When you have a signed contract with the buyer for your home, you may feel as if you can breathe a sigh of relief. While it’s certainly true that you can lighten up on the perfectionism required to show your home at any moment, as a seller you still need to cooperate with your buyer, the buyer’s agent and the commitments made in the contract.
In other words, before you can completely relax you need to get to the settlement table.
While the burden is on the buyer to finalize financing for the home purchase and to obtain homeowners insurance, some contract contingencies will impact you, too, especially if you’re living in the home. Most transactions include a home inspection, so you’ll need to make your home available to the inspector and then negotiate with the buyers about anything the inspection turns up according to the terms of your contract.
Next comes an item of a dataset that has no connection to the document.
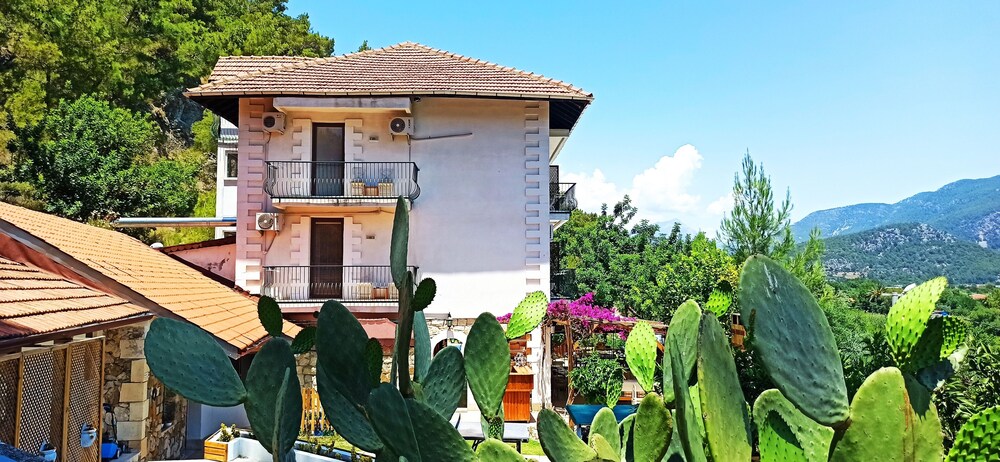 swiss eviniz hotel adults only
Besides the home inspection, some contracts and some lenders call for a termite inspection and a radon gas inspection. In each case, you or your listing agent or the buyer’s agent will need to make the home available for inspection.
Another important step prior to closing is the appraisal. If the appraisal comes in higher than the sales price, then the buyers can relax and be happy that they have purchased a home for less than its market value. Once the contract has been signed, you as the seller cannot renegotiate the price higher. However, if the appraisal comes in lower than the sales price, then the buyer’s lender will limit the loan amount to that lower value. The buyer may have to come up with additional cash to cover the financing gap or may ask you to renegotiate the contract. Your agent can advise you about the best way to handle this situation, but in any case you and the buyer are also bound by the contract terms.
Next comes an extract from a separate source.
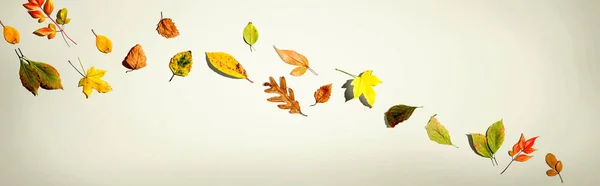 Bunte Herbstblätter — Stockfoto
Before you go to settlement, you and your listing agent should go over the contract and make sure you’re fulfilling all the promises you made in terms of what items will be conveyed to the buyer and any repairs or improvements you promised to make.
Buyers and sellers typically negotiate a settlement date that is mutually agreeable. If you have sold your home and are not yet ready to move into your next residence, you can sometimes negotiate a “rent-back” with the buyer that allows you to stay in the home after the settlement by paying rent to the buyer.
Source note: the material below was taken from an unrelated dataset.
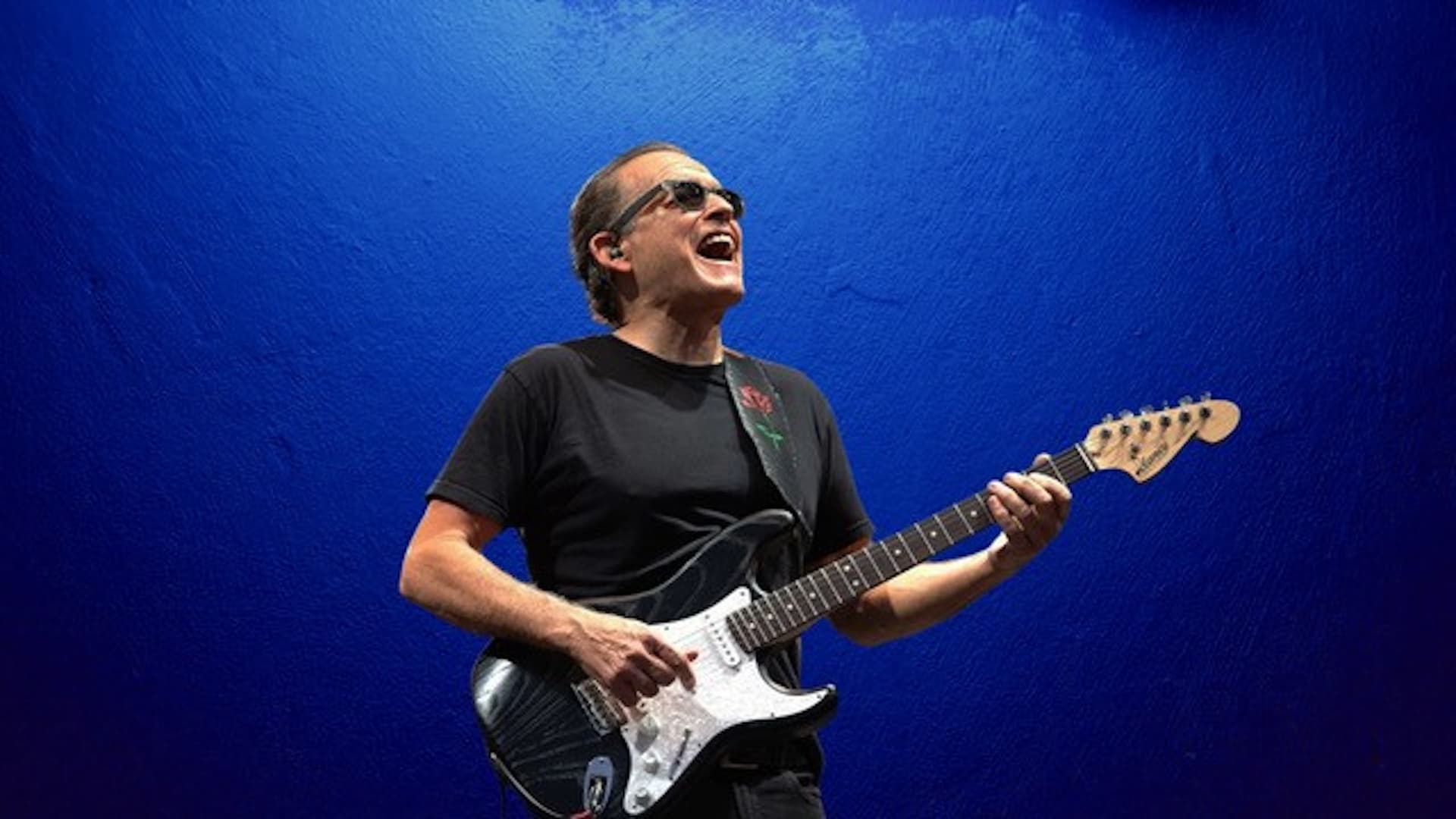 Tommy Castro & the Painkillers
Alternatively, some sellers allow the buyers to move in before settlement. In either case, it’s crucial to have a written agreement about who is responsible if something happens to the house or its contents during the transition period. Generally, you’re restricted to a maximum rent-back of 60 days because lenders would require the buyers to finance the home as an investment property if the rental period is any longer.
The decision about who provides settlement (also known as closing or escrow) services varies from one market to another. In many places, the buyer chooses the settlement company, but in others the seller chooses. At the closing, the buyer will provide funds to buy your home and the settlement agent will review the sales agreement to determine what payments you’ll receive. The title to the property is transferred to the buyers and arrangements are made to record that title transfer with the appropriate local records office.
At a typical closing, adjustments are made to the final amounts owed by the buyer and you as the seller. For example, if you’ve been paying your property taxes through an escrow account, you may be credited extra for prepaid taxes or you may receive less money at settlement if the property taxes haven’t been paid properly.
Once the settlement papers are signed and the house keys are transferred, you’re free to move onto your next home.